* [Dataset extract]:
[Start of section]
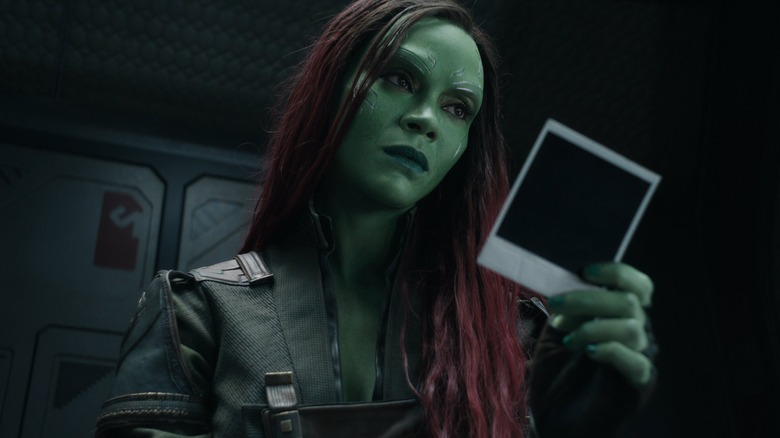 Guardians of the Galaxy Vol 3 Gamora 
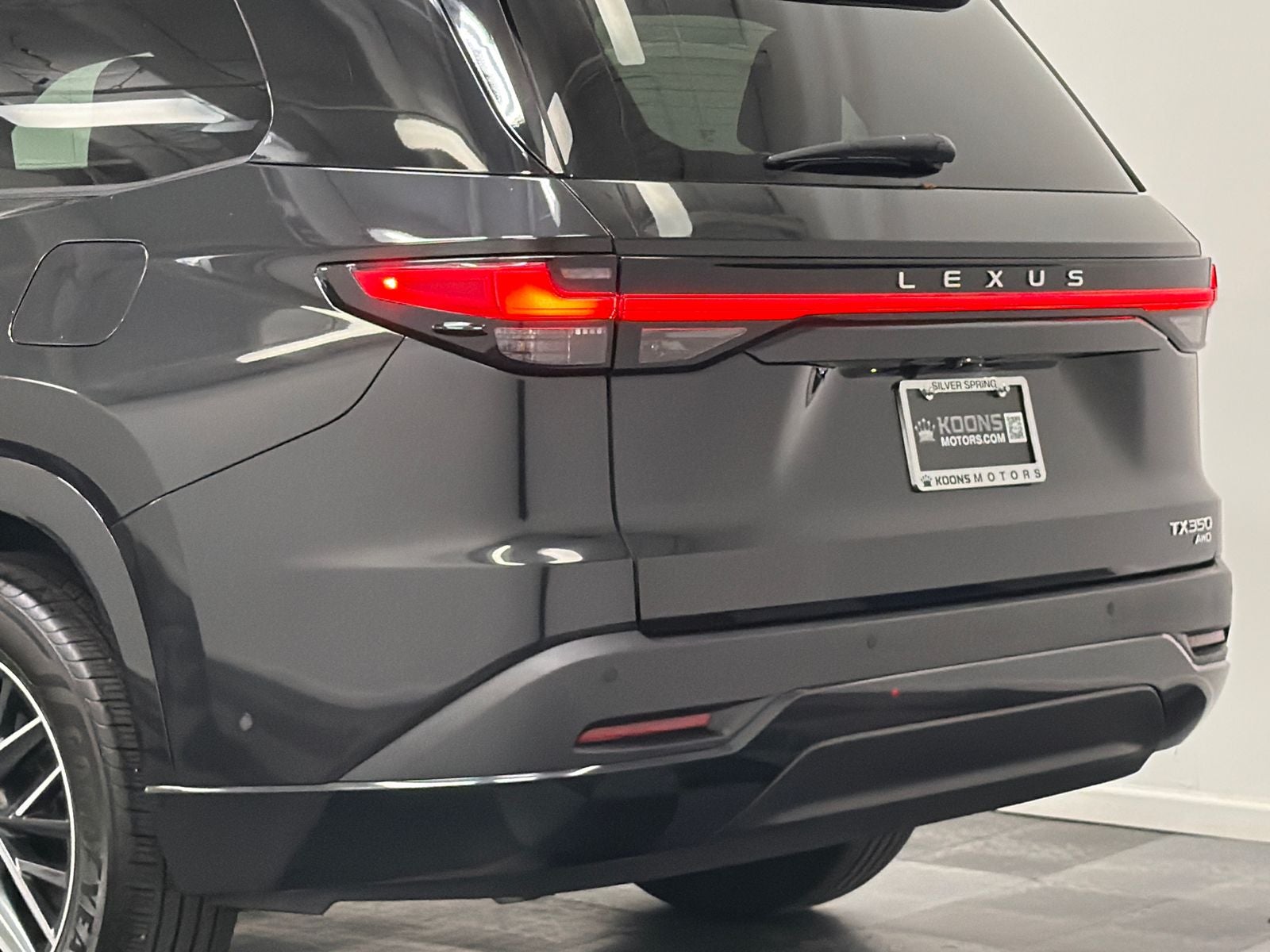 2024 Lexus TX 350 Premium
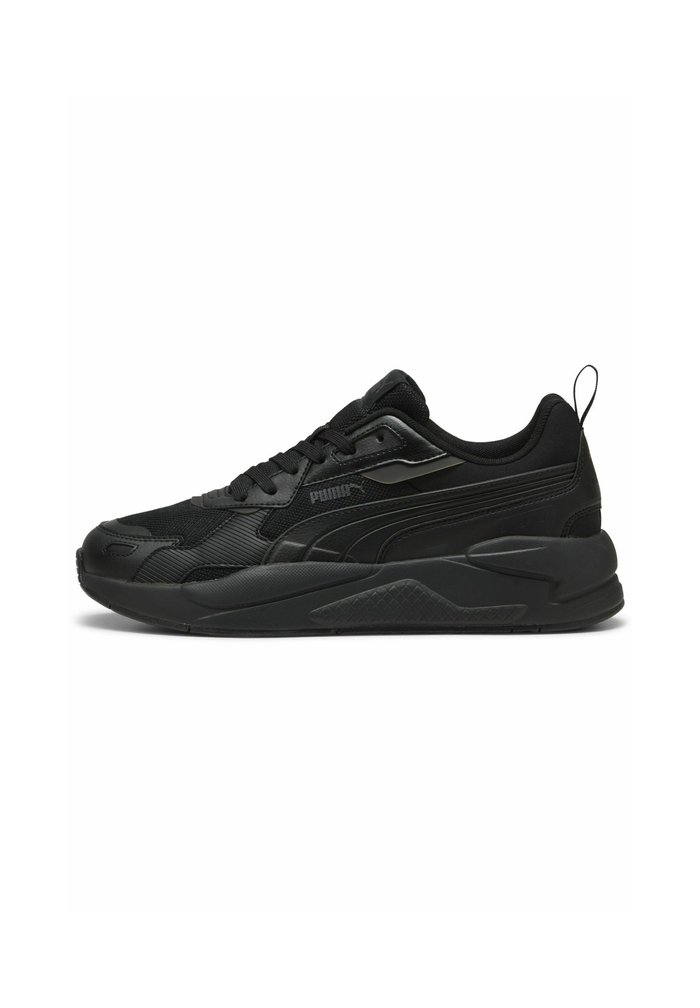 PUMA SNEAKERS - Trainers - black flat dark gray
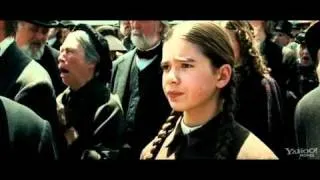 Железная хватка / True Grit трейлер (перевод гоблина)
[End of section]
* [What this task involves]:
Leave out the pictures, and retype exactly the lines from the one containing "2024 Lexus TX 350 Premium" through the last line of the data above, no more and no less.

* [Your response]:
 2024 Lexus TX 350 Premium
 PUMA SNEAKERS - Trainers - black flat dark gray
 Железная хватка / True Grit трейлер (перевод гоблина)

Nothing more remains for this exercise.